**EXERCISE DATA**
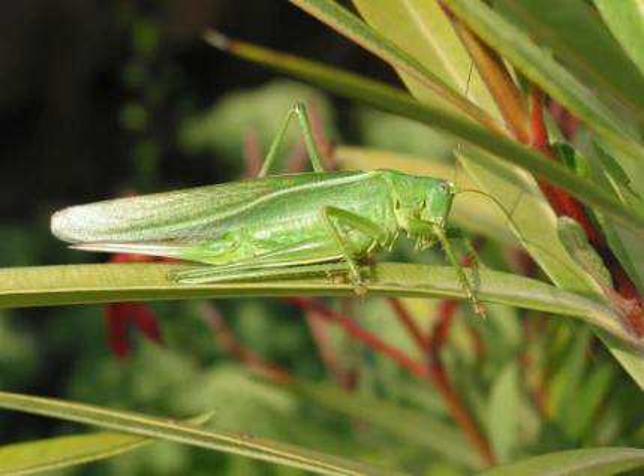Grasshoppers are easily confused with crickets but they are different in many aspects, such as number of segments in their antennae, structure of the ovipositor, as well as the location of the tympanum and modes of sound production. For example, crickets have antennae with at least 20-24 segments while grasshoppers have fewer.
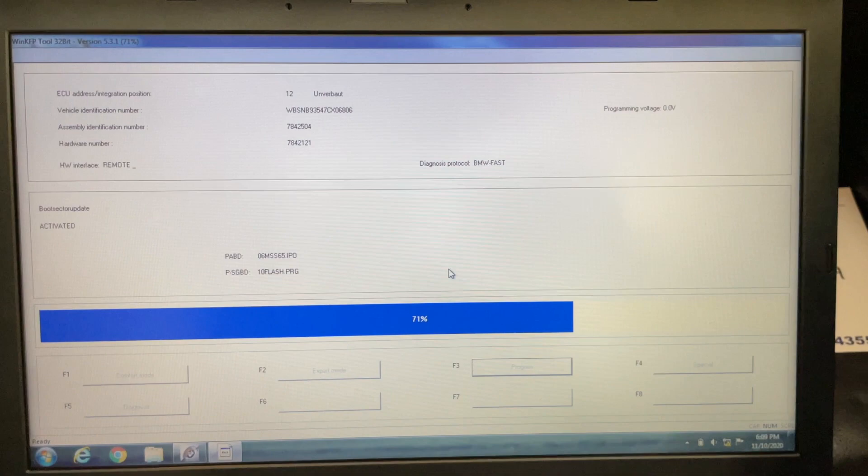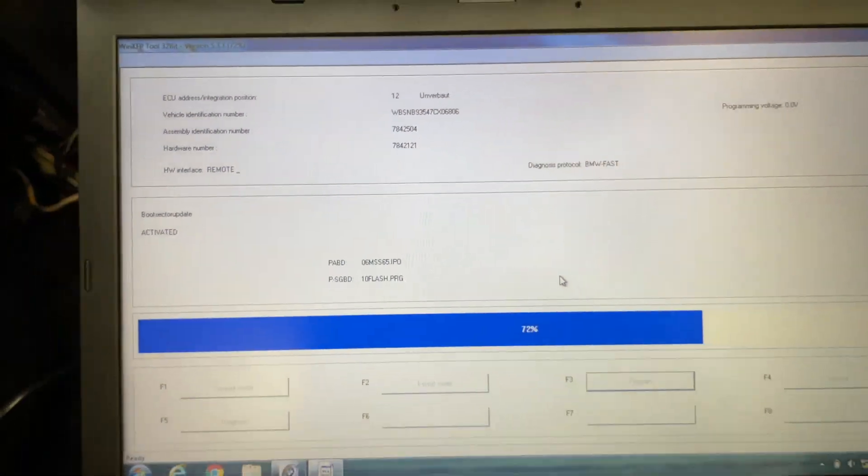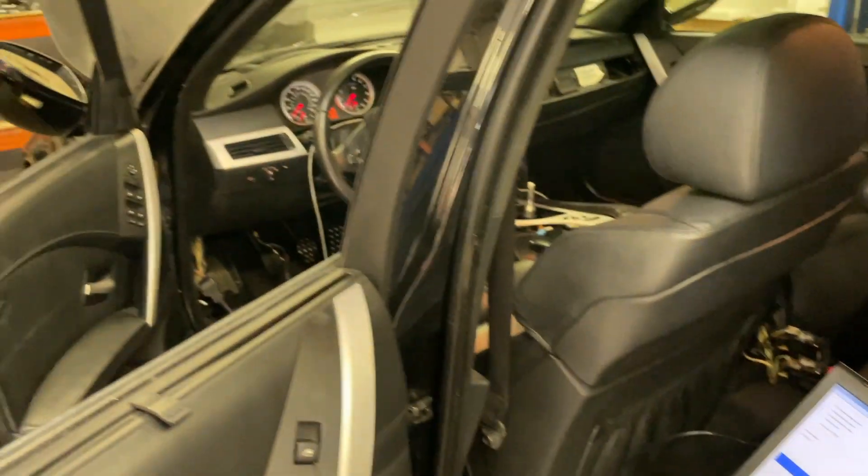Last clip of the day — we got the DME flashed on the black E60 using WinKFP. I found a company here in Escondido to do it. So that update is done to the DME now.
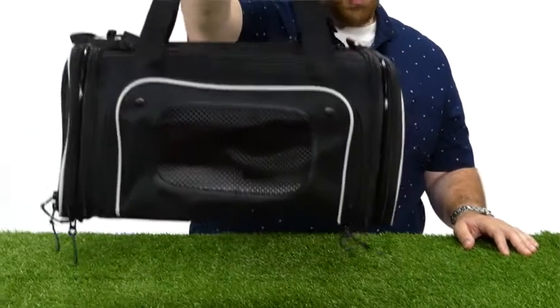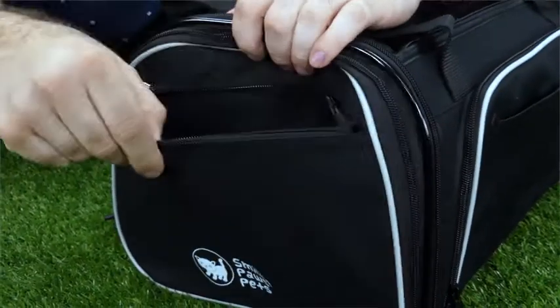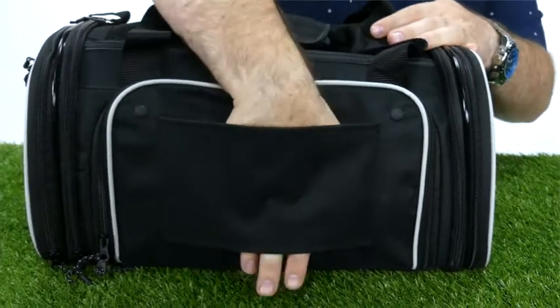This bag also features a padded carry handle with dual loops for a balanced carry. There's also a zipped pocket for those extra treats, medicine, and other things you may need while on the road. On the side, you also have this sleeve, which is perfect to slip over your luggage handle while traveling or to fasten a seat belt in the car.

**ACTION ITEM**
Each line above should be written out again exactly, without any image.

**TASK RESULT**
Grasshoppers are easily confused with crickets but they are different in many aspects, such as number of segments in their antennae, structure of the ovipositor, as well as the location of the tympanum and modes of sound production. For example, crickets have antennae with at least 20-24 segments while grasshoppers have fewer.
Last clip of the day — we got the DME flashed on the black E60 using WinKFP. I found a company here in Escondido to do it. So that update is done to the DME now.
This bag also features a padded carry handle with dual loops for a balanced carry. There's also a zipped pocket for those extra treats, medicine, and other things you may need while on the road. On the side, you also have this sleeve, which is perfect to slip over your luggage handle while traveling or to fasten a seat belt in the car.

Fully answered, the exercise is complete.